Мишка собрался встать из-за стола, но мать взглядом удержала его.
– Все равно не пойму тебя, сынок. Не узнаю я тебя… Стал ты…
Она снова пристально посмотрела на него.
– Монахом словно ты стал. Аль впрямь в монахи собрался? Бороду отрастил, космы, от мяса отказался, от друзей, совсем перестал знаться с ними…
– Мама.., – Мишка не знал, как уйти от этого неудобного разговора.
– Ты скажи, не скрывай от матери. Только я скажу тебе наперед: в нашем роду монахов не было. Мы люди простые, от земли-матушки, всю жизнь горбимся на ней, родимой, чтобы кусок хлеба честным трудом заработать, мозолями своими, а не поклонами какими или милостыней.
– Мама, в монастырях тоже трудятся, не покладая рук, – попробовал возразить Мишка.
– Вот и пусть трудятся, – согласилась мать. – Они по своему, а мы, сынок, по своему, как наши предки. Каждый свою награду получит. Тебе Бог дал силу, здоровье. А для чего? Чтобы уйти в монахи? Пусть туда идут, кому больше идти некуда: старики, старухи, убогие разные. А ты для другой жизни нужен.
Мишка не вступал в спор, боясь не найти нужные аргументы, чтобы переубедить мать. Да и сам он не мог до конца разобраться в том, что бередило, терзало его душу с тех пор, как в ней проснулась вера в Бога. Но мать не унималась, стараясь вызвать сына на откровенный душевный разговор.
– Повадился ходить к этим… Как их? Погорельцам. Не к добру это, не к добру. Про них такое рассказывают, такое…
– Мама, – не сдержался Мишка, – да нашим людям только дай повод языками почесать. Нормальные это люди. Работящие. Непьющие. В церковь ходят. Что в этом плохого?
– А все равно нутром чую, что не к добру все это. Замкнутые они. Скрытые, пусть и непьющие. Ни к ним никто, ни они ни к кому. Не по-нашему это. Не по-нашему.
– Ну, зачем так плохо? – Мишка старался сохранить мирный тон разговора. – Как же они необщительны, когда я у них в гостях бываю, и они живут, как одна дружная семья. А то, что не здешние они, чужаки, то какая в том печаль? Нормальные люди…
Снова воцарилась тишина. Слышно было лишь тихое тиканье старого будильника на кухонной полке.
– Я внучат хочу, – мать ласково погладила руку сына. – Все дружки твои поженились, детками обзавелись, а ты все ходишь и ходишь сам. Неужто тебе не хочется своей семьи, жены, детишек?
Мишка по-прежнему молчал, глядя перед собой в пустой стол.
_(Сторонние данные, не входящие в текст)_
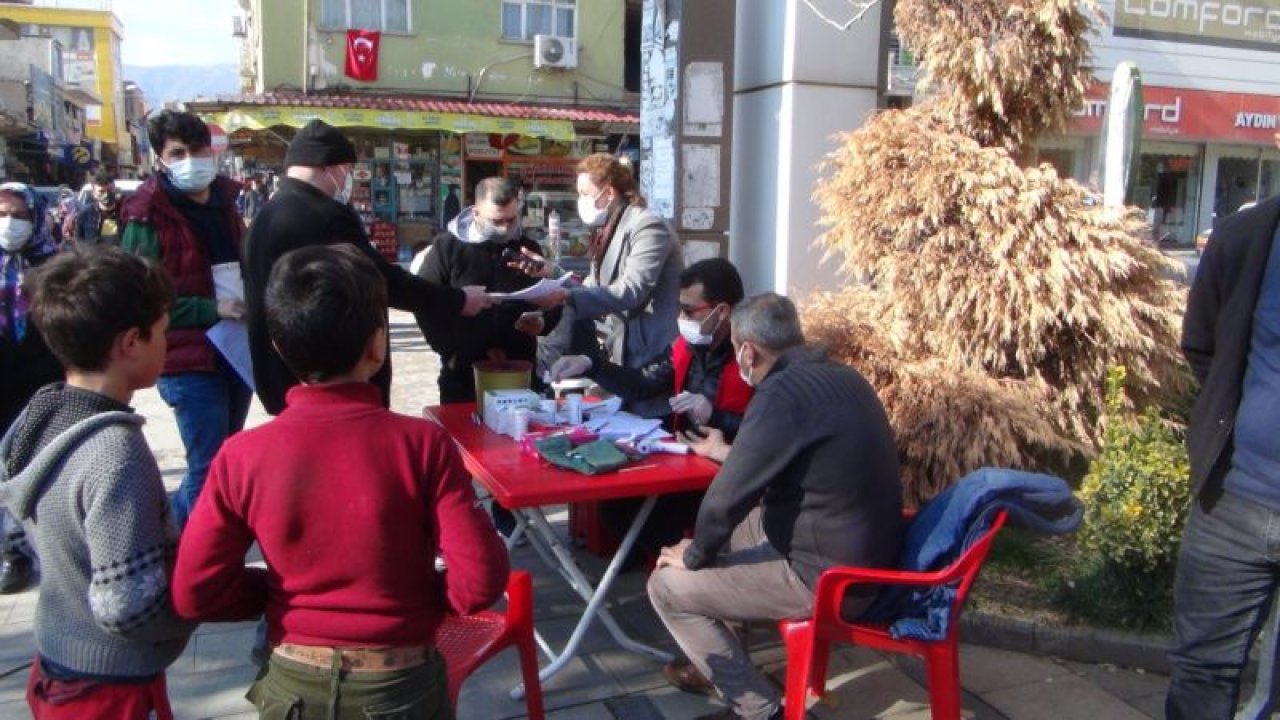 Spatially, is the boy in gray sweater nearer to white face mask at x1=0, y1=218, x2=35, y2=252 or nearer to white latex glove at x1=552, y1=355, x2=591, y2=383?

– Девки на тебя глаза пялят, ждут, кого позовешь по фату. Леночка Полякова – какая девочка! И пригожая собой, и хозяюшка славная. Помню, ты в армии служил, а она тогда еще совсем соплюшкой была, то и дело бегала ко мне, чтобы выведать, как ты там, на фотографии твои солдатские посмотреть. А теперь выросла, красавица стала. И все тебя ждет. Может, зашлем сватов? Ты не смотри, что они богаче нашего живут. Мы тоже не лыком шиты. Дядя Коля, крестный твой, обещал пособить, а там, глядишь, и тебя поближе к себе пристроит. Он ведь нынче в больших милицейских начальниках ходит. Пишет, что скоро генералом станет. Так что? Будем сватать?
Мишка улыбнулся и снова обнял мать за плечи.
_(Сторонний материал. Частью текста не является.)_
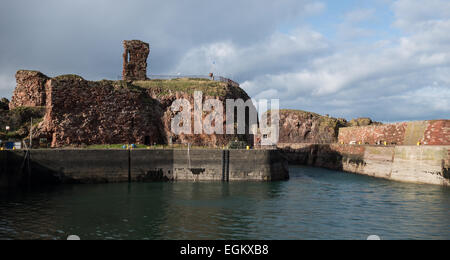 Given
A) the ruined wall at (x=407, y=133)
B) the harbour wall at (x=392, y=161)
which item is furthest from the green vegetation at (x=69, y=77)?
the ruined wall at (x=407, y=133)

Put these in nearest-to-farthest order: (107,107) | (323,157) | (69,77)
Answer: (69,77) → (107,107) → (323,157)

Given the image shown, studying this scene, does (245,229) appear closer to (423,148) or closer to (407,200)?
(407,200)

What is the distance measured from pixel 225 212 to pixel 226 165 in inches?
618

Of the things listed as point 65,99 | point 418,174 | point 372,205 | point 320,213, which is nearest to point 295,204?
point 320,213

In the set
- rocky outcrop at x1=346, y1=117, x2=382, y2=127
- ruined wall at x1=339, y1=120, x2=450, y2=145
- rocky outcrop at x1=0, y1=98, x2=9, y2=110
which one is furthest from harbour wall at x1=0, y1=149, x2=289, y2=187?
rocky outcrop at x1=346, y1=117, x2=382, y2=127

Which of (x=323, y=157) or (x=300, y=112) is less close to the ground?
(x=300, y=112)

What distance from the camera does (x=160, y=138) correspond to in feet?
178

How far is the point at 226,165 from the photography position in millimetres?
41625

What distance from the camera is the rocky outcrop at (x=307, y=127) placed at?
11288cm

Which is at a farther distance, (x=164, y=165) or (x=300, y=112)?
(x=300, y=112)

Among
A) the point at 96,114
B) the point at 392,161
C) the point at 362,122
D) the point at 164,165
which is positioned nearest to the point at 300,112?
the point at 362,122

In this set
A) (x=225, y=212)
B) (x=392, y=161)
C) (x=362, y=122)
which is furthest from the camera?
(x=362, y=122)

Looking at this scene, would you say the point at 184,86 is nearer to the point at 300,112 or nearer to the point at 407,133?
the point at 407,133

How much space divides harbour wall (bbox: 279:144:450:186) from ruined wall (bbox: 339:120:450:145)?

– Пока что будем спать. А там видно будет.
– «Видно будет…», – пробормотала мать, убирая со стола. – Мне вот ничегошеньки не видно. И не понятно. Был парень как парень, а стал… И в кого ты такой богомольный удался? Не пойму.
Пока мать хозяйничала на кухне, Мишка разделся и растянулся на своей самодельной кровати, больше похожей на обычный деревянный топчан. И едва он лег, как думы роем снова понеслись в голове – толкаясь, толпясь, обгоняя одна другую, сумбурно, без всякой логики и порядка.
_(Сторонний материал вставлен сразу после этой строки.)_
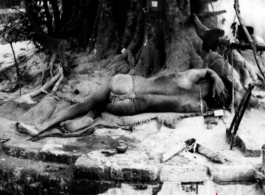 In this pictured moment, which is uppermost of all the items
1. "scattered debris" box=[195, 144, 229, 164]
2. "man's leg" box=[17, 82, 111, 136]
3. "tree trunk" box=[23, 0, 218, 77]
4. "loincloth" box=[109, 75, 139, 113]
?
"tree trunk" box=[23, 0, 218, 77]

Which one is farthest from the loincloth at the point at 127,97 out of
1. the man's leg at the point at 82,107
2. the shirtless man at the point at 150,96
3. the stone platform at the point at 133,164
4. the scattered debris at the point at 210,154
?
the scattered debris at the point at 210,154

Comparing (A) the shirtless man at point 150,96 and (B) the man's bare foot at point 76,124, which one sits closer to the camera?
(B) the man's bare foot at point 76,124

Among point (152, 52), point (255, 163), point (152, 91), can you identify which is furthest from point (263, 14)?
point (255, 163)

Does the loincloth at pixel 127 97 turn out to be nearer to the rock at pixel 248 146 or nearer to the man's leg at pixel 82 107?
the man's leg at pixel 82 107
Мишка прямо не стал говорить матери, где он провел целый день. Это и так было ясно: у «погорельцев». Мишка сам не мог до конца понять, почему его тянуло к этим людям: не здешним, действительно немного странноватым своею замкнутостью, нежеланием общаться со всей деревней, а уединившимся на некогда заброшенном, всеми позабытом хуторе. Из всех, кого они принимали у себя, иногда потчевали чаем и вступали в духовные разговоры, был Мишка, к которому они пристально присматривались, не допуская к тому, что было их некой глубоко сокровенной тайной, доступной даже не всем отшельникам этого дикого хутора.